If you want to add some discussion to a reading lesson, using the jigsaw reading activity method is a great way to get students interacting in class as well as improving their reading skills.Adults
Jigsaw Reading Activity Preparation:
Use an article from the textbook or an article that you found online that your students would be interested in. Newspaper or magazine websites are a good sources to get articles from. Preferably, articles with different sections and multiple headings in them work best for this type of activity.
Make photocopies of the article or copy/paste the article into a Word doc if you found it online. Divide the article into different sections for individual students to read. If you have made photocopies then you can divide the sections by cutting out the different sections and use those cut sections to photocopy again for the appropriate number of students.
Alternatively, if you have found the article online, simply copy/paste the sections onto different pages of your Word document.
Jigsaw Reading Activity Guidelines:
At the start of class, have the students discuss the topic that is related to the topic of the article that you have found. Lead feedback and get their views on the topic.

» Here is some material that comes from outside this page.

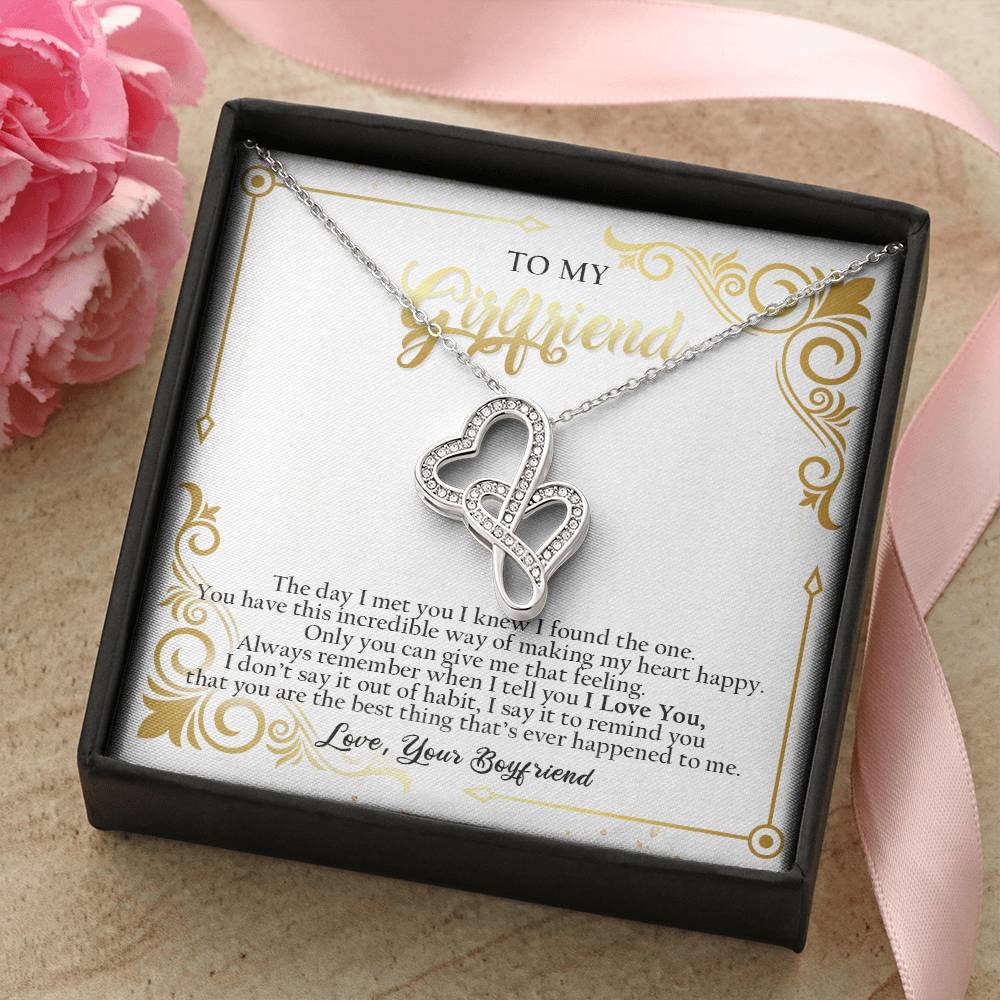 To My Girlfriend - - G01 Double Hearts Necklace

Divide the class into groups. Give each member of the group a different section of the article to read. Tell them that after they have finished reading, they should be able to summarize the section that they read to the other group members.

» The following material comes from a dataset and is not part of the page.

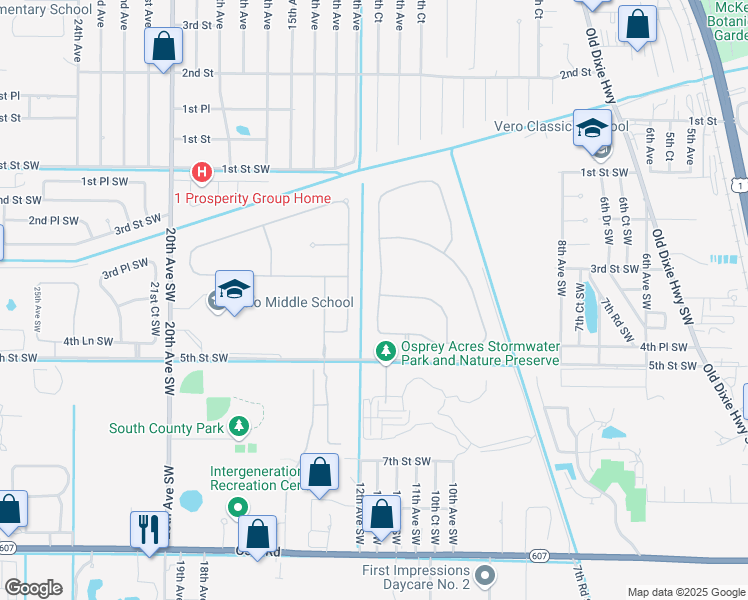 map of restaurants, bars, coffee shops, grocery stores, and more near 231 11th Square Southwest in Vero Beach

Optionally, you may want them to pick out a number of words from their reading sections, define the words, and have them explain the vocabulary they found to their groups as well.

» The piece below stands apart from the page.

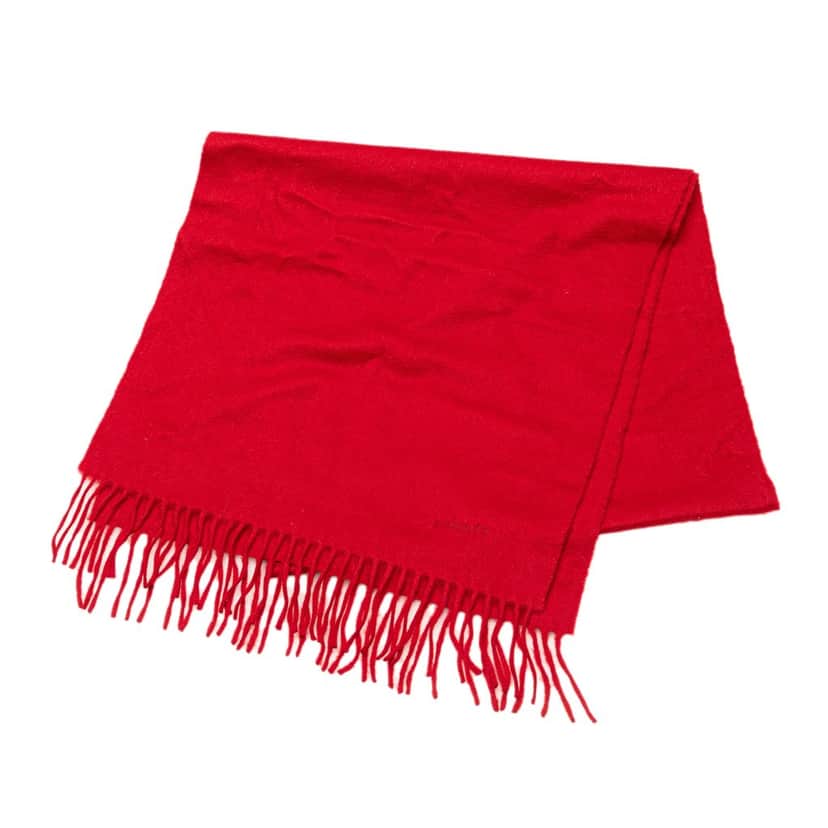 Hermès Cashmere Fringe Scarf Red Wool Very good condition - Front View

Assign a time limit to read the section and have the students begin the jigsaw reading activity.
After reading, the groups will get together and the first student with the first section of the article will summarize their section to their group. You may want to model an example (ie. explain the introduction section of the article) so the students understand exactly what to do in their groups.
After the first reader finishes explaining their section of the article, the other members of the group can ask questions and ask the student to clarify anything.
When the first student finishes their summary of their section of the article and the Q and A period is over, the next student summarizes the next section of the article that he or she was responsible for reading. The other students ask questions again after the second summary. The groups should continue this process until the last student has completed explaining the final section of the article.
After all of the groups are finished discussing all of the sections of the article, the teacher can get feedback from each group as a whole class.
Follow-Up ESL Activities:
To finish up, you could ask some post-discussion questions and help students with any other difficulties or questions about the article. You could also try the Chopstick Topics Speaking Activity to get them discussing the issues further in their assigned groups.